Published: 2023-04-18

Editor’s note: This feature story on Ray Bailey, founder and president of Lone Star Communications originally was published on January 11, 2023. It has since been updated as of April 18, 2023.

At 12 years old, Ray Bailey, the founder and president of Lone Star Communications (LSC), knew exactly what he wanted to do: fly bush planes in Alaska. The Oregon native fulfilled his childhood dream after joining the U.S. Air Force a week after he graduated from high school. While in the Air Force, he specialized in electronics. And, after four years in the military, he flew as a bush pilot in Alaska for six-and-a-half years. 

“I ended up going back into electronics and into this industry through a friend who I was in the Air Force with who got out and got into this business,” Bailey recalls. “He said to me, ‘Ray, you’re going to love this. We’re working in schools, [and] we’re doing signaling and emergency paging systems.’” At the time, the Alaska pipeline was being built, and Bailey and the team were doing all the signaling for the living quarters, the pump station, custom panels, etc. “It really was a very interesting industry,” he says, recalling his initial thoughts. “I just fell in love with the business.” 

When he’s not in the cockpit, Bailey now charts the course of Grand Prairie, Texas-headquartered LSC, an integration firm whose specialty is life-safety solutions for healthcare. In addition, Bailey serves as president of the Board of Directors of the NSCA. 

Working with NSCA 

When Bailey started LSC more than 30 years ago, one of the first calls he made was to NSCA, seeking to become a member. It wasn’t until the early 2000s that he decided to get involved on the advisory board. NSCA is, of course, the not-for-profit association representing the commercial integration industry, as well as a key strategic partner of Commercial Integrator’s. 

NSCA Ignite Sidebar

NSCA has come a long way since its inception. Bailey recalls that, when he first joined, it was an association so that those in the industry could gain information about products that were in the market; ultimately, it became an expo, sponsored by manufacturers. Eventually, the association pivoted to what it does today — namely, help integration firms grow their business. 

“NSCA became important to my business from the very first day I started LSC,” Bailey recalls. “The Essentials Library, [which is now online,] was absolutely essential for us.
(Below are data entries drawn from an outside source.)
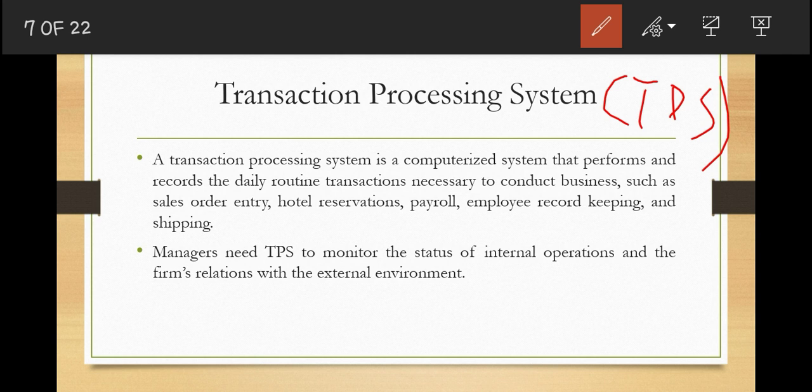Transaction processing systems provide this kind of information — they keep track of primary activities and transactions. A TPS is a computerized system that performs and records the daily routine transactions necessary to conduct business, such as sales orders, hotel reservations, payroll, employee record keeping, and shipping. The purpose of this system is to answer routine, repetitive questions and track the flow of transactions through the organization. For example, if you ask how many parts are in inventory, the TPS can answer this.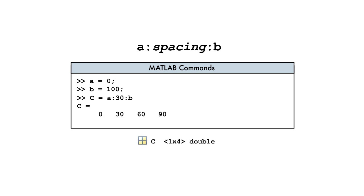When the spacing does not divide the interval evenly, as is the case here, the result is a vector of uniformly spaced values that begins at the lower bound but ends before the upper bound, which is not included.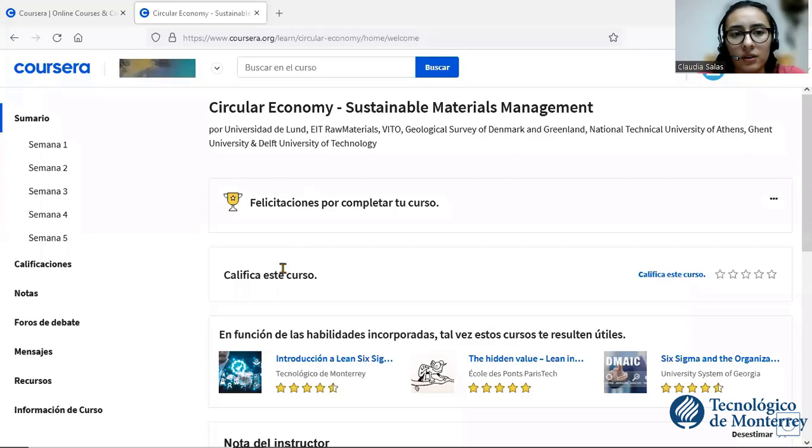Hello, my name is Claudia Salas and in this video I will talk about a course that I took. I will show you my screen so you can see the content of the course.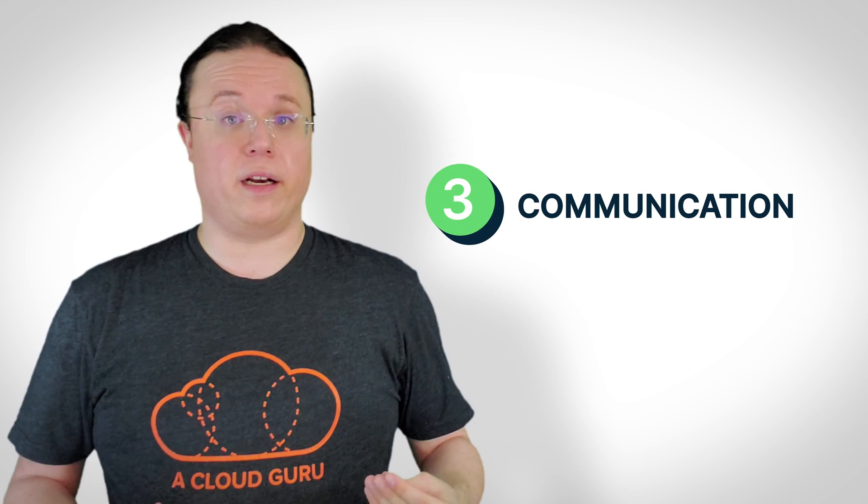Thirdly, cloud architects need to be able to communicate, like really communicate. You need to be able to listen, understand, take what you hear, and apply that to your problem solving. Not all the problems that you will be presented with will be strictly technical, nor will their solutions. Remember, you as a cloud architect are the advocate for cloud adoption.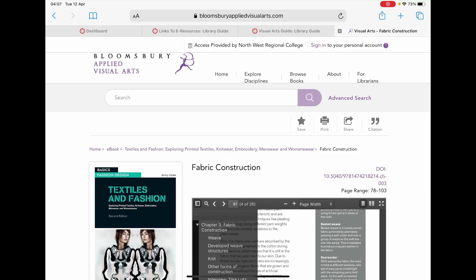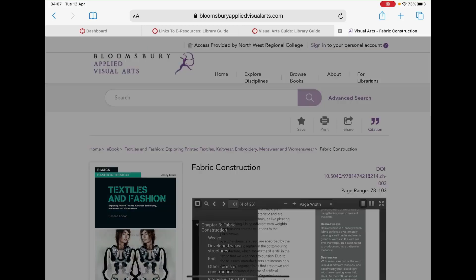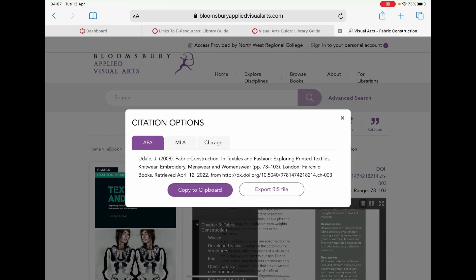Just click on that and a pop-up menu should appear on screen. You will now notice that you have three citation options: APA, MLA, and Chicago.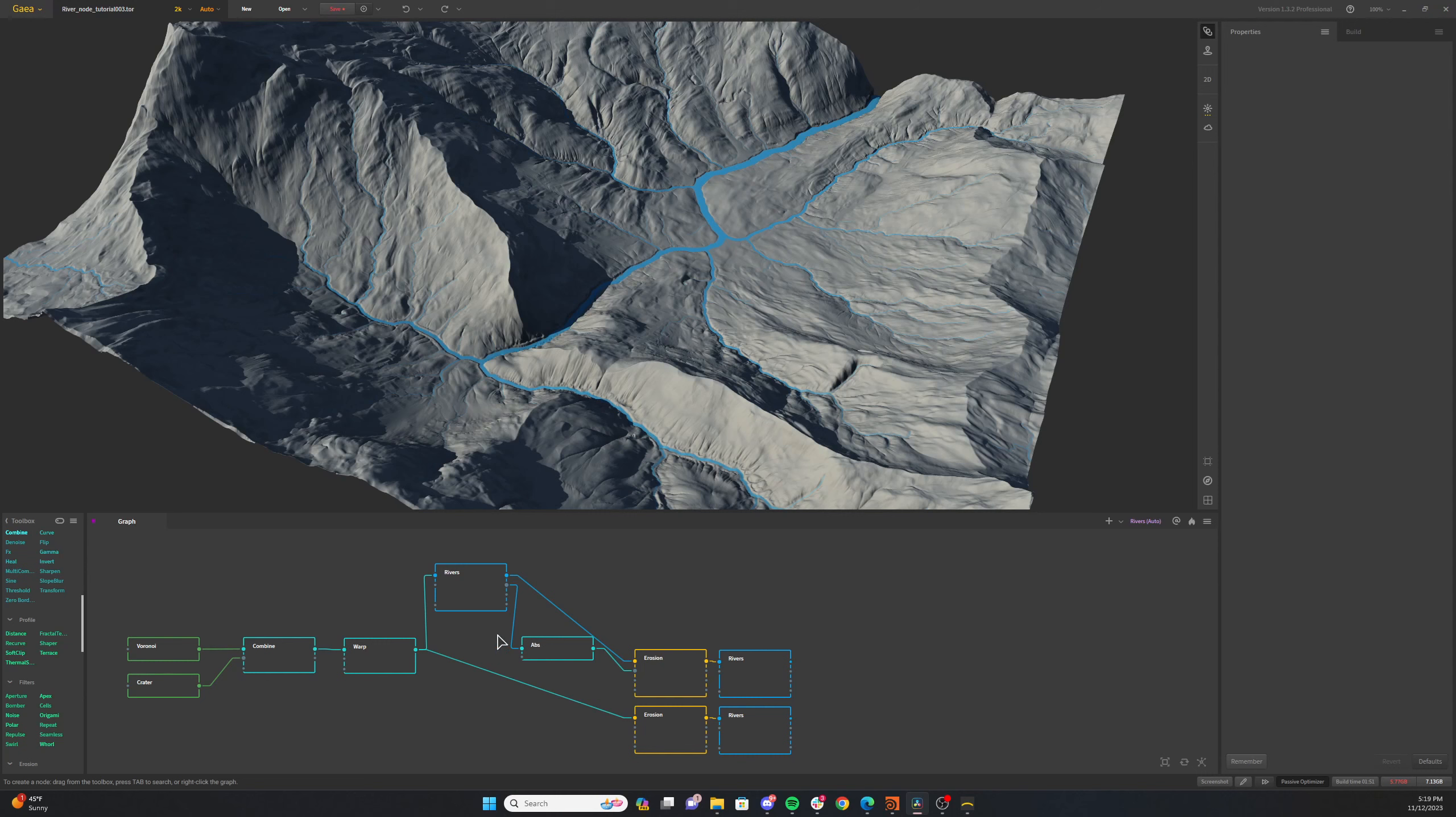You can even use rivers early in your graph to help carve pathways and valleys for ancient rivers that have dried up or for river generation later in the graph. Having a river early in the graph helps the erosion and other effects take the river pathway into account throughout the terrain production.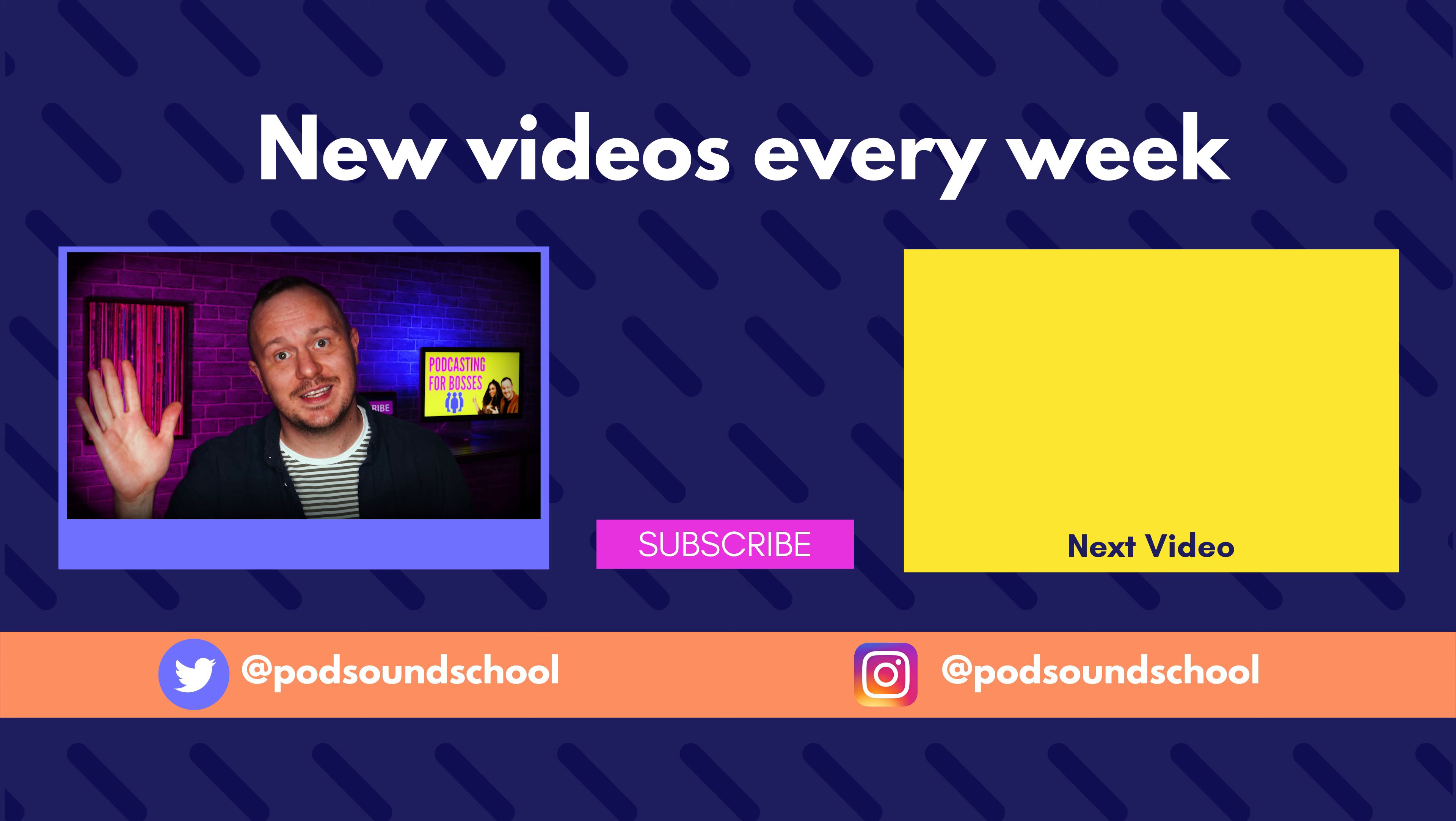Good luck with your audiograms and please share your creative audiograms with us. Leave some comments here, or you can come find me on Twitter at Pod Sound School, or you can slide into Veronica's DMs at Pod Sound School on Instagram. And until next time, don't forget to hit subscribe here and we'll see you on the next video. Happy casting.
Since then, through NSCA, I’ve had people I could share with and talk to about the industry and running a business. I could ask them, ‘What’s your advice on how to do this?’ Everyone was open and willing to share. And that’s the way I have become over the years, as well.” Indeed, as president of the Board of Directors, he’s helping set the vision for the association so it can serve integration businesses well into the future. 

“[We’ve really] homed in on the fact that the thing that we’re really good at is helping companies be successful,” Bailey reflects. “And that’s from the smallest companies to the largest companies. We provide information and training about how to be successful in the industry, whether it be from a contractor’s point of view, or an integrator’s point of view, or a solution provider’s point of view.” He adds, “We are there to train and make companies better.” 
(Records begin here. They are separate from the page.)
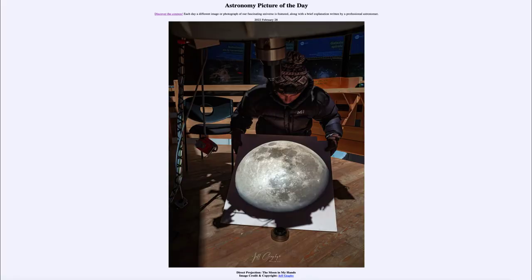Greetings and welcome to the introduction to astronomy. One of the things that I like to do in each of my introductory astronomy classes is to begin the class with the astronomy picture of the day from the NASA website, that is apod.nasa.gov slash APOD.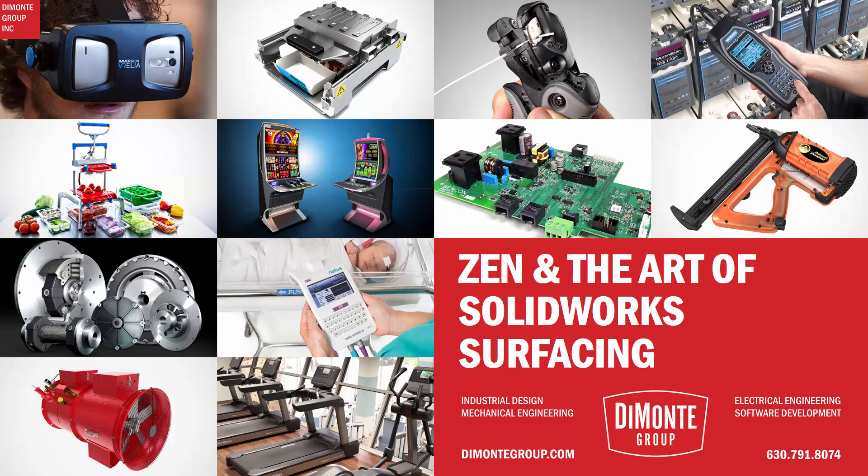Hello everyone and welcome to Zen and the Art of SolidWorks Surfacing, presented by the DeMonte Group. My name is Andrew Lowe, I'm a senior industrial designer and I've been using SolidWorks for almost 15 years now.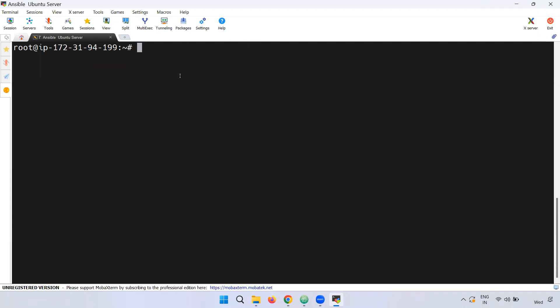We will connect with Ubuntu in real-time. Now, if we install Ansible on Ubuntu, we are going to install it using the basic command: apt install ansible.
A Mission for High-Quality Products and Services  

Ray Bailey, founder and president of Lone Star Communications sitting on hospital bed

Ray Bailey, founder and president of Lone Star Communications, wanted the organization to be a high-quality one. Thus, he drafted a mission statement that has been its guiding light from the very beginning. that mission statement reads as follows: “We will deliver the right products to our customers on time, the first time, every time, with no exceptions.” Photo by Steve McAlister.

When devising the business plan for LSC in the early ’90s, Bailey decided early on to create a mission statement. Even to this day, the business still adheres to that founding vision. 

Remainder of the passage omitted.